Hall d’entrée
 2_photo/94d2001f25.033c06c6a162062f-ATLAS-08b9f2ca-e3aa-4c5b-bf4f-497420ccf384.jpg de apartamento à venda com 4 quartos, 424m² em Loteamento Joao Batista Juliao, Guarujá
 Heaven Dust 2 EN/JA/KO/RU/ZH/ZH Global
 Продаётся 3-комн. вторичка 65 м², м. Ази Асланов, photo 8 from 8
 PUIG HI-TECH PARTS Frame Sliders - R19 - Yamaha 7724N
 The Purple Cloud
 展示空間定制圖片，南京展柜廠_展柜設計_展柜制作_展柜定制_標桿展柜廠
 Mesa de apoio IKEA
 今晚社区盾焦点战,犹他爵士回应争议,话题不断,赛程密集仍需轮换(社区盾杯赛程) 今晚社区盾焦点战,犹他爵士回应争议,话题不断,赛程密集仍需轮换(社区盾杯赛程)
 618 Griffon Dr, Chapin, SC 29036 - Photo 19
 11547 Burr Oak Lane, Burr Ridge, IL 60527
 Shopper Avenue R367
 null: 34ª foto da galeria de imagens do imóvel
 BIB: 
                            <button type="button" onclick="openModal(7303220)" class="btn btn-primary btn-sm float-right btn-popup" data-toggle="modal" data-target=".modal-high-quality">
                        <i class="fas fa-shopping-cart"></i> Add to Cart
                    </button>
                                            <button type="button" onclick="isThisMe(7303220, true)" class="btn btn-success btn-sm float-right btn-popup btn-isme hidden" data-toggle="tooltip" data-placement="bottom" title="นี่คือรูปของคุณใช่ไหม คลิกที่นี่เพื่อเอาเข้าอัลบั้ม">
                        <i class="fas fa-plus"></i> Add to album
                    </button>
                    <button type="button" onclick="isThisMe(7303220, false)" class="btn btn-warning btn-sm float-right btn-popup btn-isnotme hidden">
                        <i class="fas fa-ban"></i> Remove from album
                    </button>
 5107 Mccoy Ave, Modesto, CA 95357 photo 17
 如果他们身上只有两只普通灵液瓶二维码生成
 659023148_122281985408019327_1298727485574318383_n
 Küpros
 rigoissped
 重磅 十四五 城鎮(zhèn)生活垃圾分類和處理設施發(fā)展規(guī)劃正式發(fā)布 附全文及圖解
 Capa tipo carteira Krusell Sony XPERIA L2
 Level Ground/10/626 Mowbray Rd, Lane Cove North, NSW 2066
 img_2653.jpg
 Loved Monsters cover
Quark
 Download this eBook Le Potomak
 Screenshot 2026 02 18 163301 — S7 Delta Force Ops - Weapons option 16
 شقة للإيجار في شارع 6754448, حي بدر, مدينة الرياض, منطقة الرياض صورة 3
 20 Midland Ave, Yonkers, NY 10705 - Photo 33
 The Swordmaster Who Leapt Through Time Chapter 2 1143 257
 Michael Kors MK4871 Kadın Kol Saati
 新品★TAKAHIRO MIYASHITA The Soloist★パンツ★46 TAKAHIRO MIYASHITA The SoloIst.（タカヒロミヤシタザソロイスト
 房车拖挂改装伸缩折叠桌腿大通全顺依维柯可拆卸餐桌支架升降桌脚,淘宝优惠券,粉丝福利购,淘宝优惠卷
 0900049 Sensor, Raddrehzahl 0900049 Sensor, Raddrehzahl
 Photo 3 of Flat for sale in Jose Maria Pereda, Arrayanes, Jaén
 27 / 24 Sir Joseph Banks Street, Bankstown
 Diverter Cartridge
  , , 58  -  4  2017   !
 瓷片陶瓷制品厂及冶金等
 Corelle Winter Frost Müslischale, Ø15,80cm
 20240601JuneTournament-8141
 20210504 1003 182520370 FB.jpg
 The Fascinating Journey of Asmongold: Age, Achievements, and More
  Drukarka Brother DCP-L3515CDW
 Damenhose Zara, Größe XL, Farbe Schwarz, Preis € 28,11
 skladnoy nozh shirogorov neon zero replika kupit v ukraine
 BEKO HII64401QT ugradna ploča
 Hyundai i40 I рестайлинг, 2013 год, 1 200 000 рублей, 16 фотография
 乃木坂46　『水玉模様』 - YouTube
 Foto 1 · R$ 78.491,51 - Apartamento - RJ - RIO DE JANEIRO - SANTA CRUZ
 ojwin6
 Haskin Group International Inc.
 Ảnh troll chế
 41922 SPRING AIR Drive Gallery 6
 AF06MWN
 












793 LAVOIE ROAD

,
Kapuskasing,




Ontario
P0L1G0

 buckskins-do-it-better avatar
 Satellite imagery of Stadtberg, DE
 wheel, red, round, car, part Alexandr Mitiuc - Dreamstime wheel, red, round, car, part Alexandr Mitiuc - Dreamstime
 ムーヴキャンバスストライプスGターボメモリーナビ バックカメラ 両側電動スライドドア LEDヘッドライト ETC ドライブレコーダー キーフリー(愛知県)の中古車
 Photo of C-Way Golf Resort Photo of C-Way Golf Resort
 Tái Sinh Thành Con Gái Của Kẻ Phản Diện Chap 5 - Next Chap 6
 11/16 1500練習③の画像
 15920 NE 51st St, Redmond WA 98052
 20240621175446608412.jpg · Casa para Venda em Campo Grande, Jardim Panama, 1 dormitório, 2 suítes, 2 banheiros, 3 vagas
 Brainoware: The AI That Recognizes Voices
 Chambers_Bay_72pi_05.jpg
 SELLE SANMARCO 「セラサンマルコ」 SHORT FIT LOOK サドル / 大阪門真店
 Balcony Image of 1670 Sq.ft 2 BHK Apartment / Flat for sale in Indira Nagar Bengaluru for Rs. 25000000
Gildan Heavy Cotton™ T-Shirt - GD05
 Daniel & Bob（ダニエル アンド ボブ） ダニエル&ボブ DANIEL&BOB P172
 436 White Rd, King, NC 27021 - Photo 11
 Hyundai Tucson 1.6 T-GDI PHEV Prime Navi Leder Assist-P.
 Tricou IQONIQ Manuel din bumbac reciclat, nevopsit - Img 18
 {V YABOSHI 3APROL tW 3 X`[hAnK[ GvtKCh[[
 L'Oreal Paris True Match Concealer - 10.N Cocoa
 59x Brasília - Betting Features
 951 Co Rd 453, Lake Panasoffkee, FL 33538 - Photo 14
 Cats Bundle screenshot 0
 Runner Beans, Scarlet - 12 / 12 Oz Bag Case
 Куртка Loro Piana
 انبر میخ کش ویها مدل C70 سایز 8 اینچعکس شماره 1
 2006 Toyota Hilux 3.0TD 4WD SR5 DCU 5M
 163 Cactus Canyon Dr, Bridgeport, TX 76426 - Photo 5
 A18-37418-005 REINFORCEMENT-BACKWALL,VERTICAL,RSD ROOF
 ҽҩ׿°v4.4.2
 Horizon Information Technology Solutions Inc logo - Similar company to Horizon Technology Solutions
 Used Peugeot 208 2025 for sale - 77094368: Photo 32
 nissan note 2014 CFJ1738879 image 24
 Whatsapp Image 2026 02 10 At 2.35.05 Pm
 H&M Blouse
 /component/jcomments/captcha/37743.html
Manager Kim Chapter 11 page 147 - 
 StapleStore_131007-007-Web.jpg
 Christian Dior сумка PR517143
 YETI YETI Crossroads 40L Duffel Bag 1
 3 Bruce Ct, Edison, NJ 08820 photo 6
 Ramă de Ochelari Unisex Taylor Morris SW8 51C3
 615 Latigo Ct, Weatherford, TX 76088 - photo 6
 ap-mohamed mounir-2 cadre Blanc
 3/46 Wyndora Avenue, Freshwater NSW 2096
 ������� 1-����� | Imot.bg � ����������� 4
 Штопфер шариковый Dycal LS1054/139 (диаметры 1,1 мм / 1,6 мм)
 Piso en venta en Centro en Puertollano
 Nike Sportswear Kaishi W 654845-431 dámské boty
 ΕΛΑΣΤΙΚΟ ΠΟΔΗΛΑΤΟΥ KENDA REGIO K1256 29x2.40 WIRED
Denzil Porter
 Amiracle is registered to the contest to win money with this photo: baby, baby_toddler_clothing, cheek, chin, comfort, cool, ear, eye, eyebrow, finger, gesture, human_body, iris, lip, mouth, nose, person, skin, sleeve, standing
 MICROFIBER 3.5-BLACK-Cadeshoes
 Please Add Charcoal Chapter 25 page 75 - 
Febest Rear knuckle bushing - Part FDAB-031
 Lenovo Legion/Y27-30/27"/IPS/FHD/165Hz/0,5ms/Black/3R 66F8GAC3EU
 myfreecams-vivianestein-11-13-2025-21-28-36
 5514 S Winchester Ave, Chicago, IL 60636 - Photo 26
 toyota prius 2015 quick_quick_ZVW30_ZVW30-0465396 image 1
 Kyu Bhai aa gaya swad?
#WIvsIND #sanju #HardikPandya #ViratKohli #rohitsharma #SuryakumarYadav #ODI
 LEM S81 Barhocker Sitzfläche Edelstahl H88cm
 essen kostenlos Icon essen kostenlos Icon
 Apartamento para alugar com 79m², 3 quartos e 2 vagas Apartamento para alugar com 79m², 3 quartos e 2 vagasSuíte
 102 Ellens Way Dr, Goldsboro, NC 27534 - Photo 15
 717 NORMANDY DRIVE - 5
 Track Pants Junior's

+-------+

◆ **ASSIGNMENT**
Your task is to copy exactly, and only, the lines from the line with "Please Add Charcoal" through the last line of the entries, both included.

◆ **SOLUTION**
 Please Add Charcoal Chapter 25 page 75 - 
Febest Rear knuckle bushing - Part FDAB-031
 Lenovo Legion/Y27-30/27"/IPS/FHD/165Hz/0,5ms/Black/3R 66F8GAC3EU
 myfreecams-vivianestein-11-13-2025-21-28-36
 5514 S Winchester Ave, Chicago, IL 60636 - Photo 26
 toyota prius 2015 quick_quick_ZVW30_ZVW30-0465396 image 1
 Kyu Bhai aa gaya swad?
#WIvsIND #sanju #HardikPandya #ViratKohli #rohitsharma #SuryakumarYadav #ODI
 LEM S81 Barhocker Sitzfläche Edelstahl H88cm
 essen kostenlos Icon essen kostenlos Icon
 Apartamento para alugar com 79m², 3 quartos e 2 vagas Apartamento para alugar com 79m², 3 quartos e 2 vagasSuíte
 102 Ellens Way Dr, Goldsboro, NC 27534 - Photo 15
 717 NORMANDY DRIVE - 5
 Track Pants Junior's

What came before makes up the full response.